Exercise details
Pictures are to be left out, and the rest of the records reproduced exactly.

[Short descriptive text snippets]
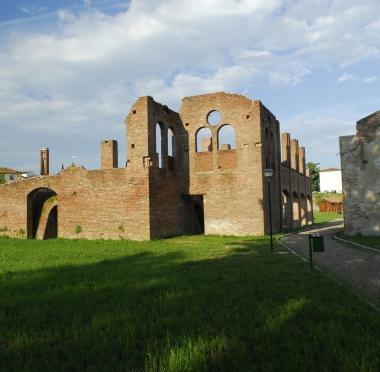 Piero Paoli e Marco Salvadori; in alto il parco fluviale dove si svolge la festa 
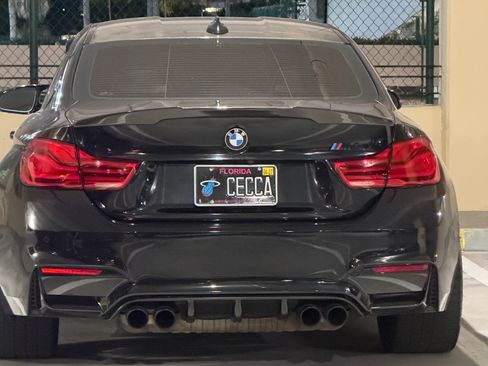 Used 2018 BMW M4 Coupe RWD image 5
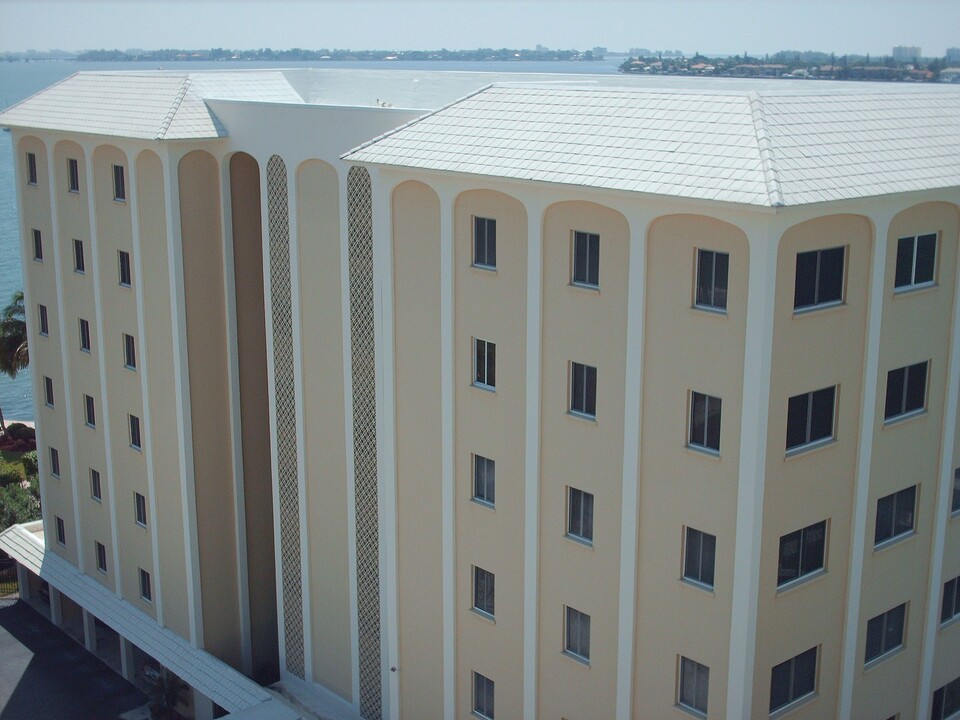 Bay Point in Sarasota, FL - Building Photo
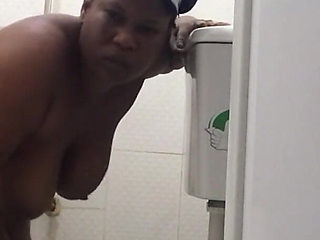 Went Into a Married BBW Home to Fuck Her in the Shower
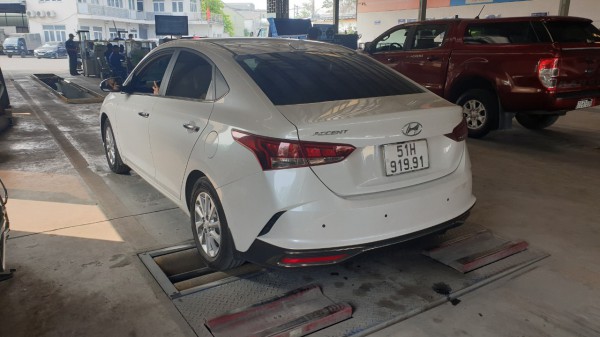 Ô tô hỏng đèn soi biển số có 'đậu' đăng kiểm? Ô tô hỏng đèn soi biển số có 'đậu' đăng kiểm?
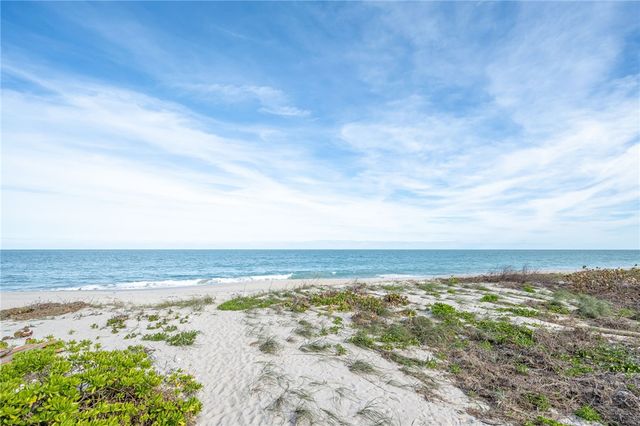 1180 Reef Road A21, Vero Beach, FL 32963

Exercise answer
 Piero Paoli e Marco Salvadori; in alto il parco fluviale dove si svolge la festa 
 Used 2018 BMW M4 Coupe RWD image 5
 Bay Point in Sarasota, FL - Building Photo
 Went Into a Married BBW Home to Fuck Her in the Shower
 Ô tô hỏng đèn soi biển số có 'đậu' đăng kiểm? Ô tô hỏng đèn soi biển số có 'đậu' đăng kiểm?
 1180 Reef Road A21, Vero Beach, FL 32963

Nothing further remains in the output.